Entries supplied:
-- -- --

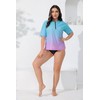 Halcurt UV Shirt Women's Plus Size Rash Guard UPF 50+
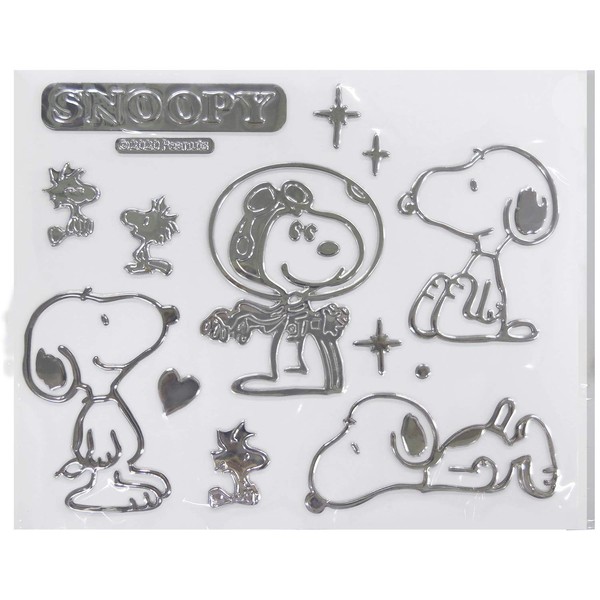 Meiho Snoopy Pose Emblem Sticker Large Size SN206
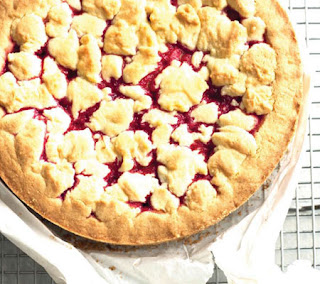 Strawberry, Raspberry and Rhubarb Shortcake Recipe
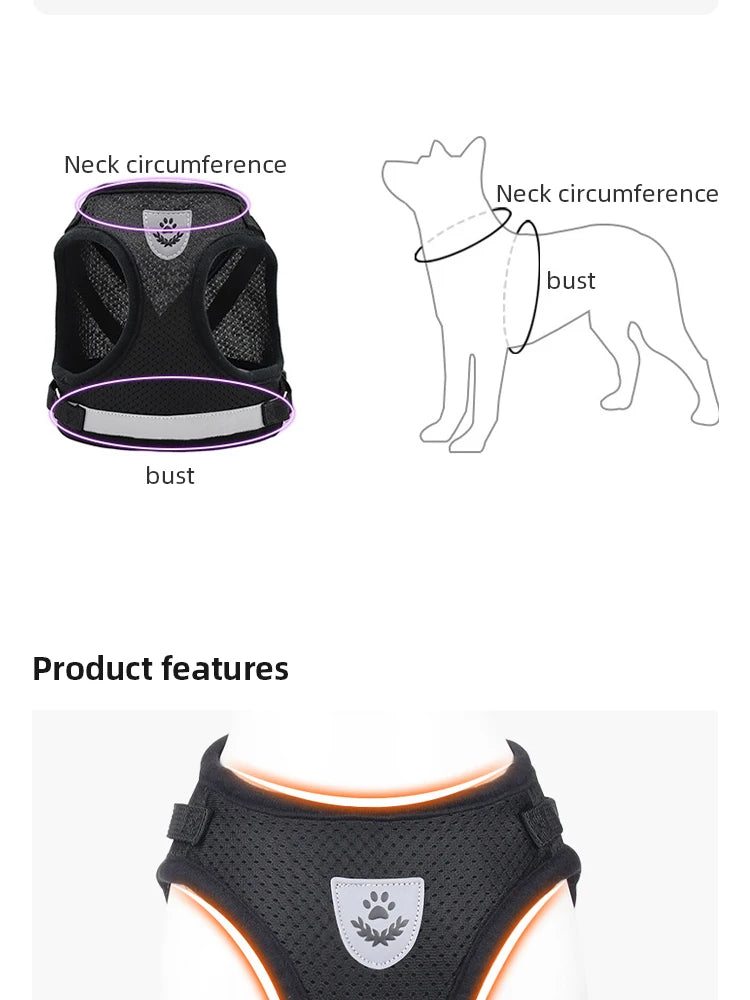 Pet Leash Undershirt Harnesses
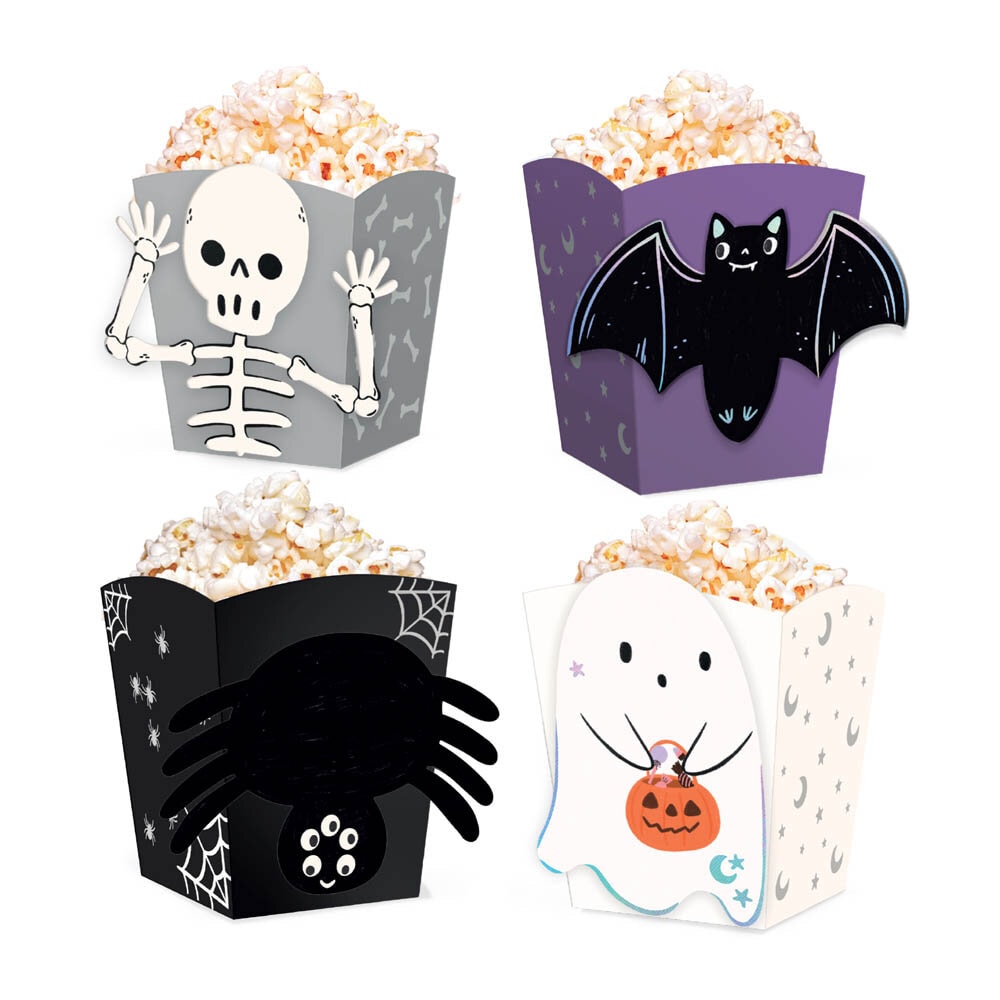 Spooky Friends Popcornbægre 4 stk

-- -- --

Problem statement:
Pass over the images and copy the rest of the material above exactly.

Final answer:
 Halcurt UV Shirt Women's Plus Size Rash Guard UPF 50+
 Meiho Snoopy Pose Emblem Sticker Large Size SN206
 Strawberry, Raspberry and Rhubarb Shortcake Recipe
 Pet Leash Undershirt Harnesses
 Spooky Friends Popcornbægre 4 stk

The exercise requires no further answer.